Congress president Rahul Gandhi on Tuesday extended support to the petition against Union minister Jayant Sinha that seeks to withdraw his Harvard alumni status for "felicitating criminals convicted of lynching".
Rahul Gandhi said that all those who feel disgusted over the sight of a Union Minister "garlanding and honouring criminals" should sign the petition against Sinha.
“If the sight of a highly educated MP and central minister, Jayant Sinha, garlanding and honouring criminals convicted of lynching an innocent man, fills you with disgust, click on the link and support this petition,” Rahul Gandhi tweeted.
The petition, launched by a student of Master of Public Policy at Harvard University Boston in the US from where Sinha has also graduated, sought that the minister’s alumni status be withdrawn for “honouring criminals”.

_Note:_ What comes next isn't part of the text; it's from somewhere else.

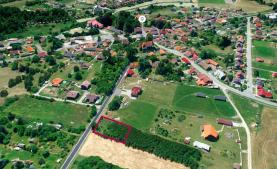 Prodej, stavební parcela, 891 m2, Tučapy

The petition to the President of Harvard University, Boston, has condemned the minister’s action, saying it “has shocked the nation and brought disrepute to the institution”.

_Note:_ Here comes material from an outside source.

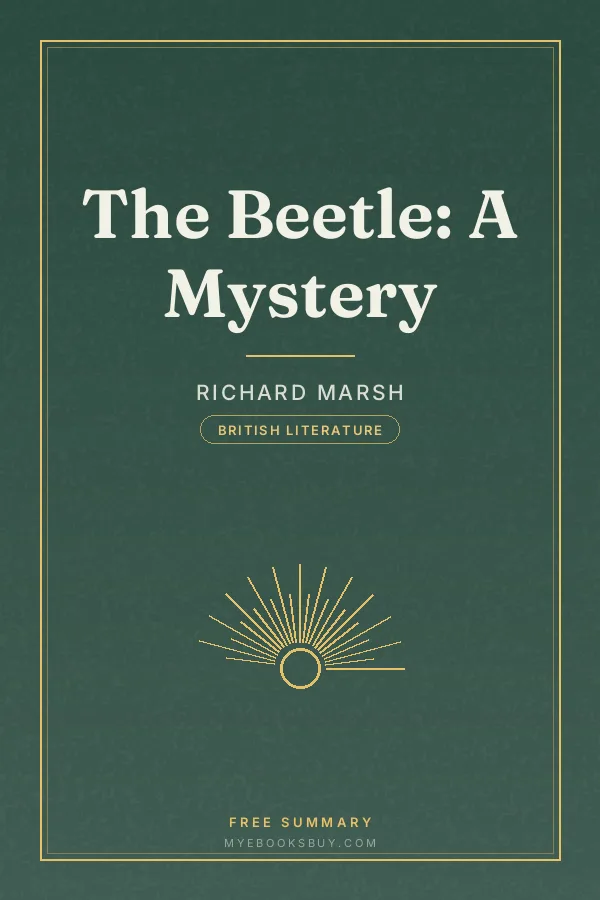 Cover of The Beetle: A Mystery
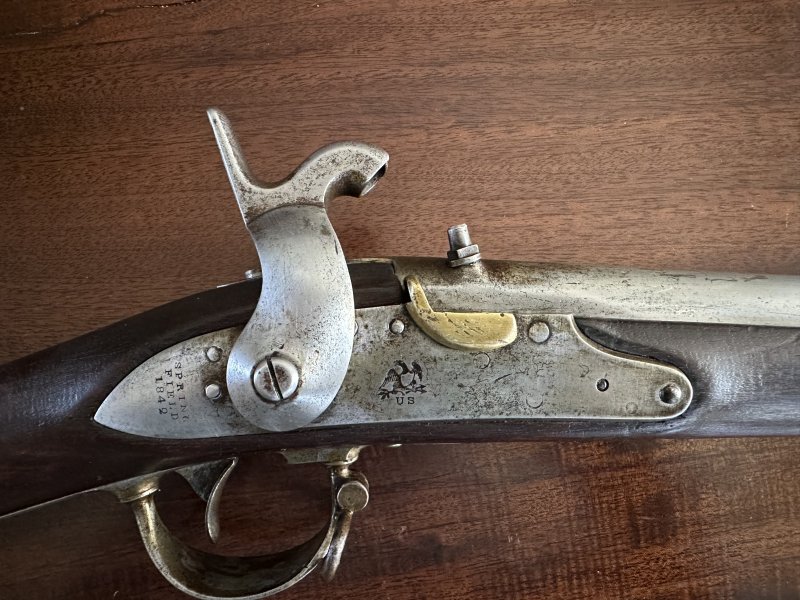 Springield 1842 1842 Springfield 69cal question | The Muzzleloading Forum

Sinha has been at the centre of a row after he garlanded the lynching convicts at his residence in Hazaribagh in Jharkhand after they came out of prison on bail last week.

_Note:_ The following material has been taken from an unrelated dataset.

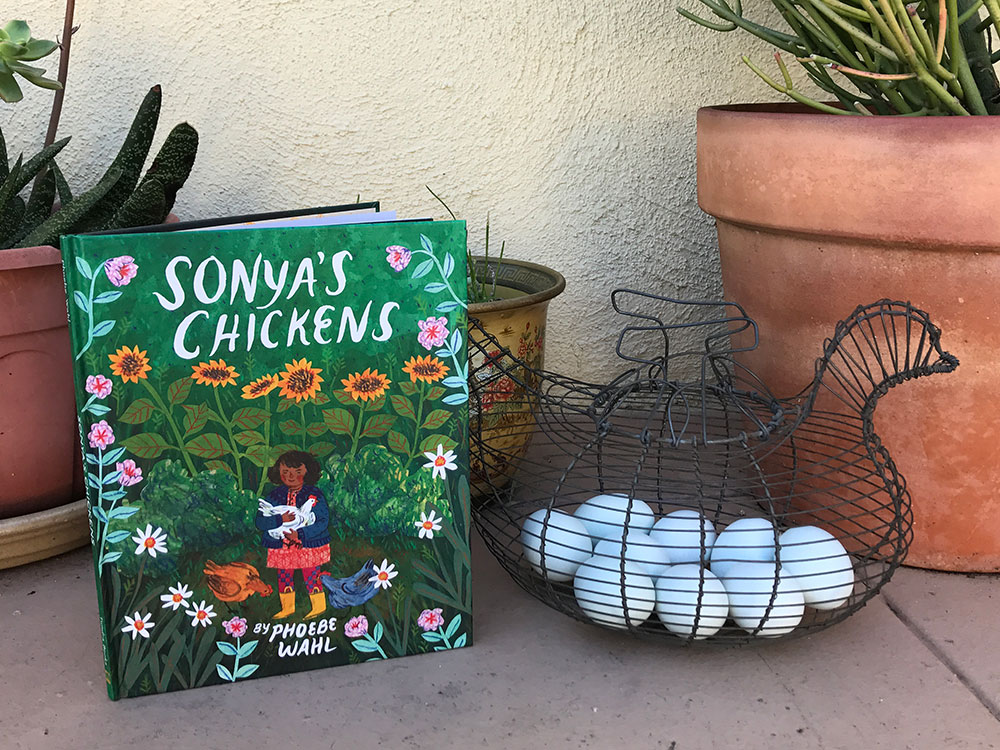 Sonya's Chickens — Book Hearted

The opposition parties led by the Congress attacked him and the Modi government over the issue, saying that this act gives “a guarantee to” the perpetrators that they have the support and encouragement of the government.
Sinha, on his part, has claimed that he unequivocally condemns all acts of violence, and rejected any type of vigilantism.
“The rule of law is supreme in our constitutional democracy. Any unlawful acts, particularly, those that violate the rights of any citizen, should be punished with the full force of the law.
“I have full faith in our judicial system and the rule of law. Unfortunately, irresponsible statements are being made about my actions when all that I am doing is honouring the due process of law. Those that are innocent will be spared and the guilty will be appropriately punished,” he has said.
The minister has received flak from other quarters too. Former Mumbai police commissioner Julio Ribeiro, former chief information commissioner Wajahat Habibullah and 41 other retired bureaucrats have demanded that Sinha be sacked for felicitating the eight convicts.
In a public statement, the former civil servants said the message Sinha’s action sends out is that “there is a licence to kill minorities” and people accused of such crimes will be “enthusiastically supported financially, legally and politically”.